Aim of the exercise. Print only the lines below from the one with "Dark Walnut Tall" to the one with "USA PILOT GLASSES", both included, exactly as they stand. Leave pictures out.

Records for this exercise.
○ ○ ○ ○ ○ ○ ○
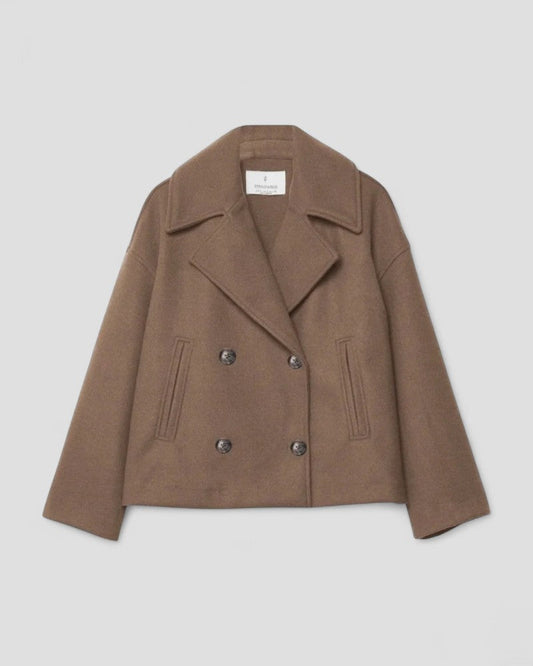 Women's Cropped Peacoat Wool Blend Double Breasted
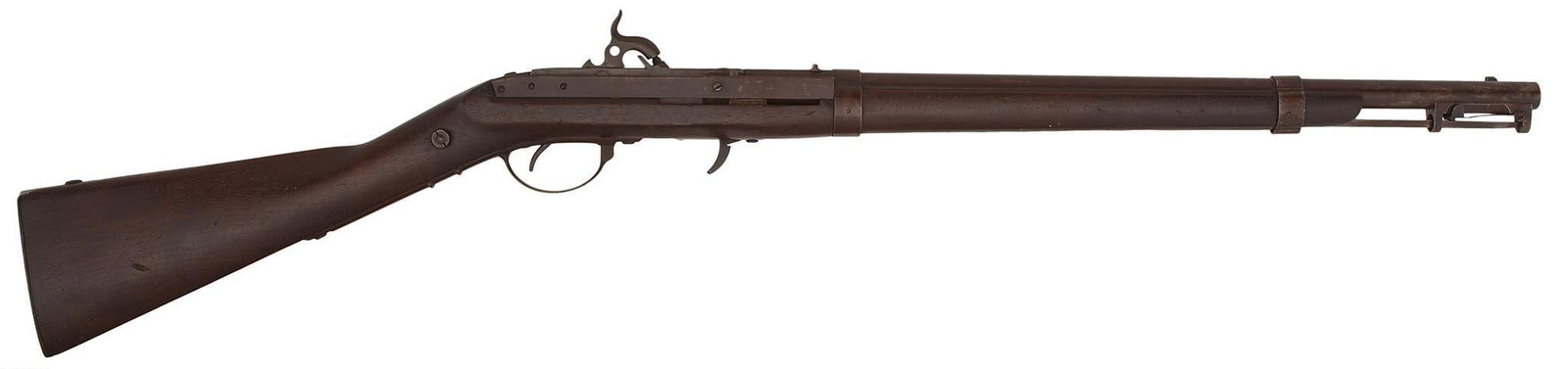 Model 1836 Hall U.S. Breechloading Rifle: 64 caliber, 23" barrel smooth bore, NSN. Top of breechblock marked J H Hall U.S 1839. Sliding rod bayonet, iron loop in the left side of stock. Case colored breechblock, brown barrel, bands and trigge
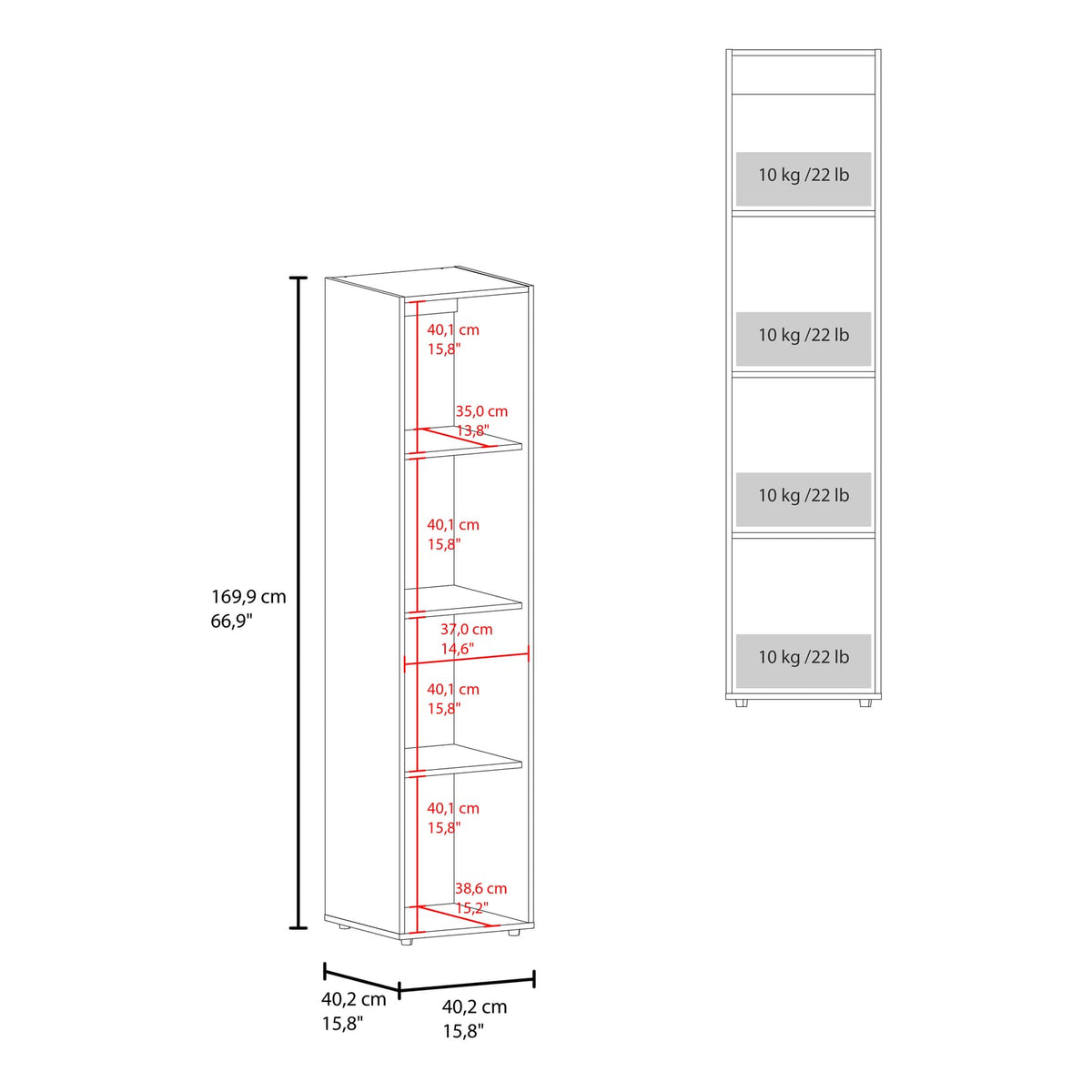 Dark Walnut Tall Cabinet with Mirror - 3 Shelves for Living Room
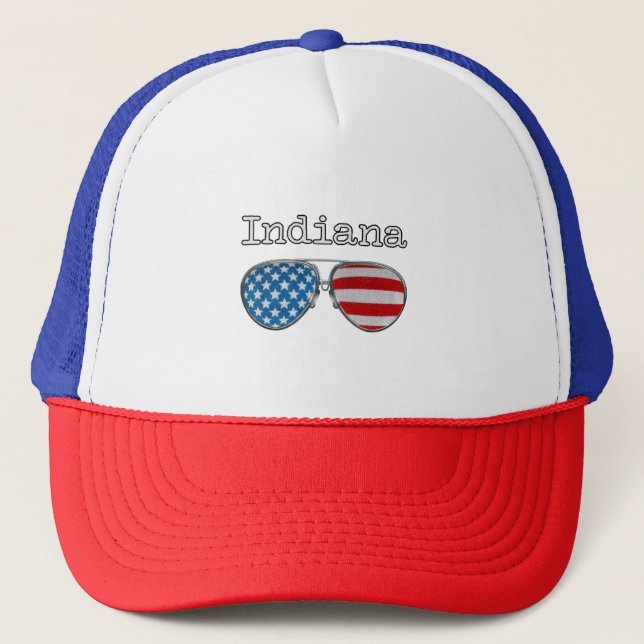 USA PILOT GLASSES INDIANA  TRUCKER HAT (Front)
○ ○ ○ ○ ○ ○ ○
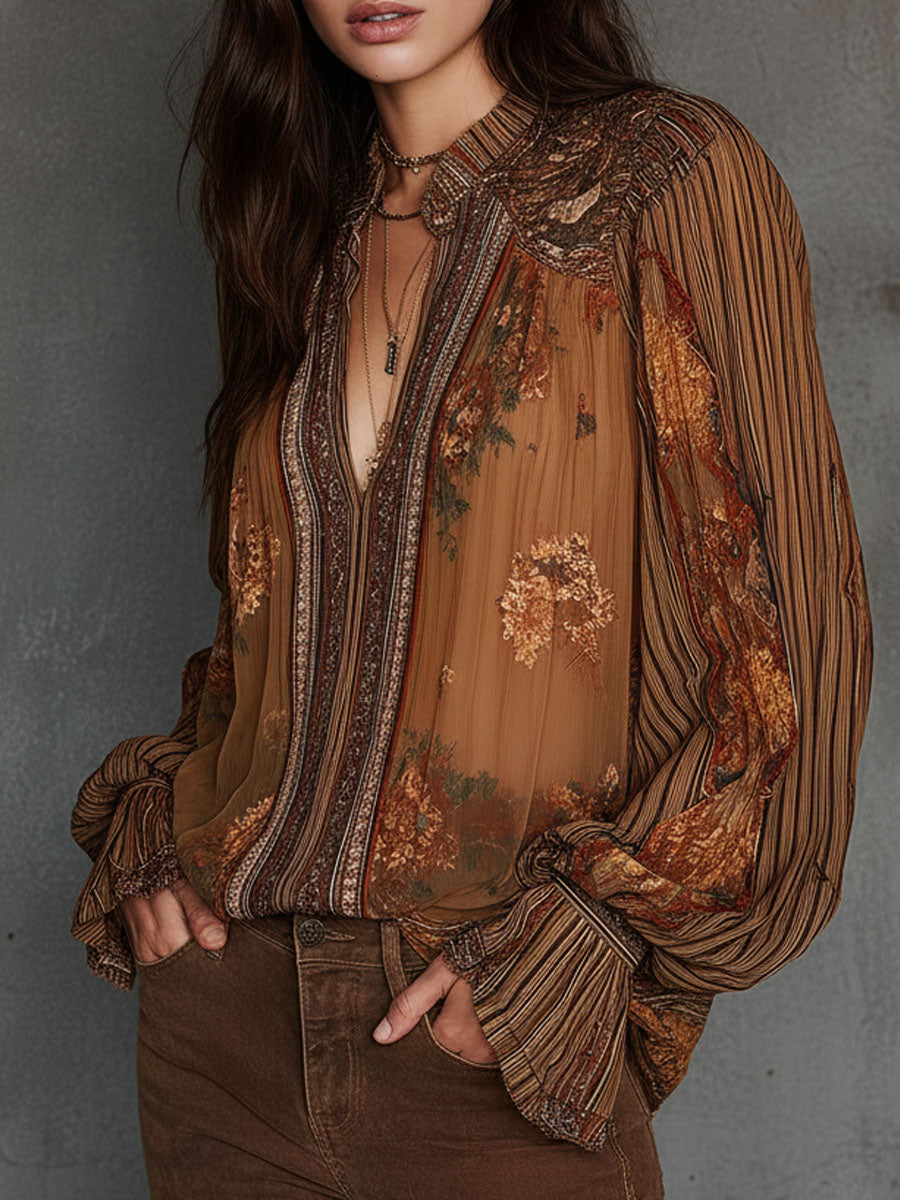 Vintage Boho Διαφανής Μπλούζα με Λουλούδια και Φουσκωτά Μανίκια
○ ○ ○ ○ ○ ○ ○
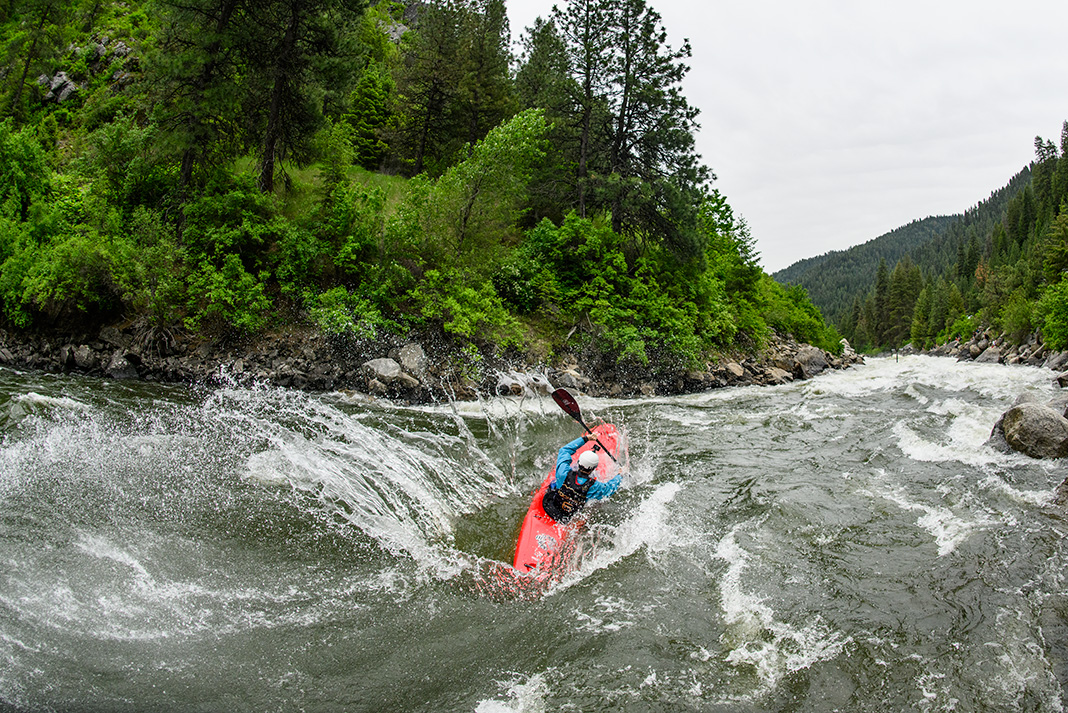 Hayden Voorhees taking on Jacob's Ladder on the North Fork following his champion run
○ ○ ○ ○ ○ ○ ○
Problem solution.
 Dark Walnut Tall Cabinet with Mirror - 3 Shelves for Living Room
 USA PILOT GLASSES INDIANA  TRUCKER HAT (Front)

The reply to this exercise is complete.